Id. 909 F.2d at 1265 n. 7.

Considering the issue of successor liability in the light most favorable to the nonmoving party, on the present record the Court cannot conclude that Bayside's purchase of LIDCO's assets does not render it liable as a successor. The "continuing business enterprise exception" factors render Boeing's allegations reflective of continuity material to the issue of Bayside's successor liability. Bayside merely characterizes Boeing's allegations as "common elements or similarities" (Bayside Reply at 6) that, even if true, are irrelevant to the issue. As this court has not rejected the "product line" or "continuing business enterprise" exceptions, Boeing's supported allegations are relevant, and Bayside has not come forward with evidence that the statements of fact submitted by Boeing are untrue. Bayside has argued different inferences from Jack Pinchev's two signatures on the purchase agreement and from the "consulting services" provided by Pinchev to Bayside after the sale. Bayside has not demonstrated that it is entitled to summary judgment as a matter of law.

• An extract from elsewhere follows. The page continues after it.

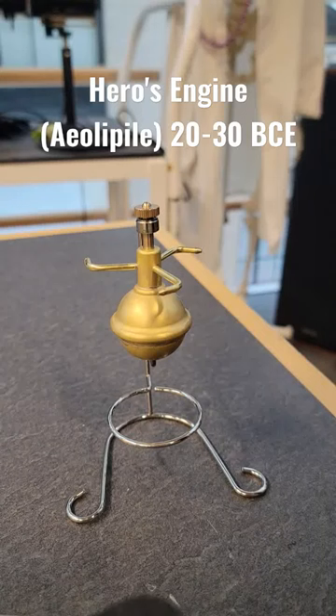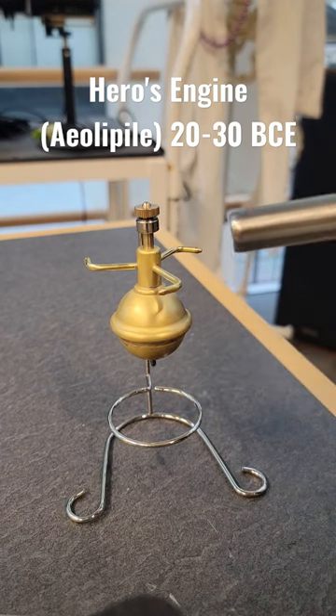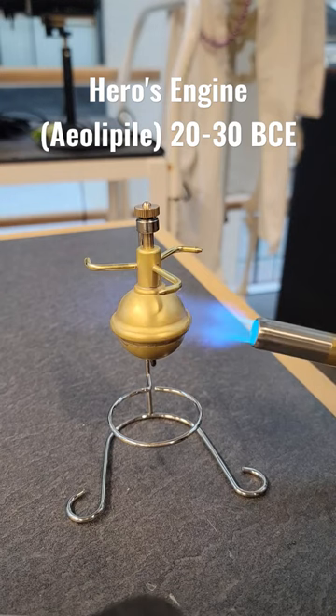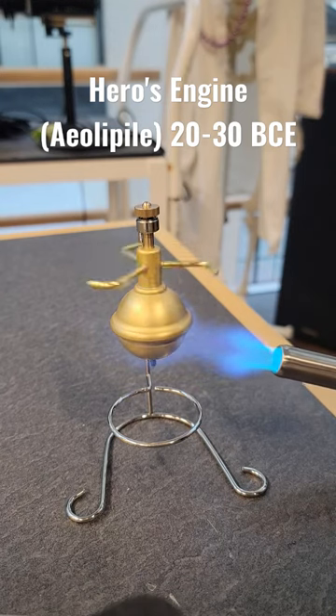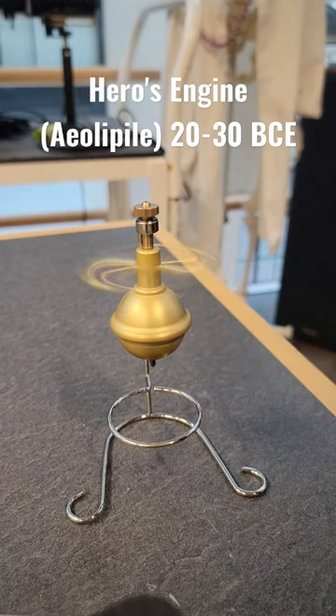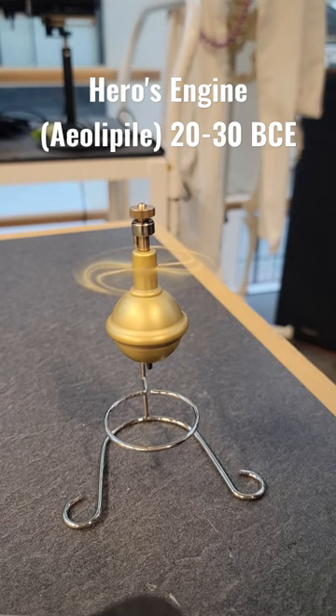The first known recorded steam engine in history. The Greeks first proposed this in writing. You have a little cylinder in here that has water, and then up here you've got some spouts that have little holes in them, and when I heat the bottom steam starts to build in the chamber, which is released out of the vents, and you get rotational motion.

There is support for an expansive interpretation of successor liability in CERCLA actions in Oner II, Inc. v. EPA, 597 F.2d 184 (9th Cir.1979). The action there was brought under the Federal Insecticide, Fungicide and Rodenticide Act, which had no specific successor liability provision. The Court noted that the Act was intended to protect the environment. Id. at 186. The same is true of CERCLA. Oner II cited to Golden State Bottling Co. v. NLRB, 414 U.S. 168, 94 S. Ct. 414, 38 L. Ed. 2d 388 (1973). Therein, the Court noted that

Courts of equity may, and frequently do, go much farther both to give and withold relief in furtherance of the public interest than they are accustomed to go when only private interests are involved.

414 U.S. at 179-80, 94 S. Ct. at 423. There is a public interest element herein. CERCLA contemplates a sharing of clean-up costs by responsible parties. A more expansive view of successor liability under CERCLA fosters a more equitable sharing of remediation costs. Moreover, it is highly likely that Bayside had knowledge of possible liabilities associated with hazardous waste disposal. Bayside does not deny that the Resource Conservation & Recovery Act, 42 U.S.C. §§ 6901, et seq. had been in effect over five years when Bayside purchased LIDCO and that CERCLA had been in effect for over a year.

Bayside having failed to rebut evidence submitted by Boeing on the issue of Bayside's successor liability, Bayside has failed to demonstrate that it is entitled to summary judgment as a matter of law, and its motion is DENIED.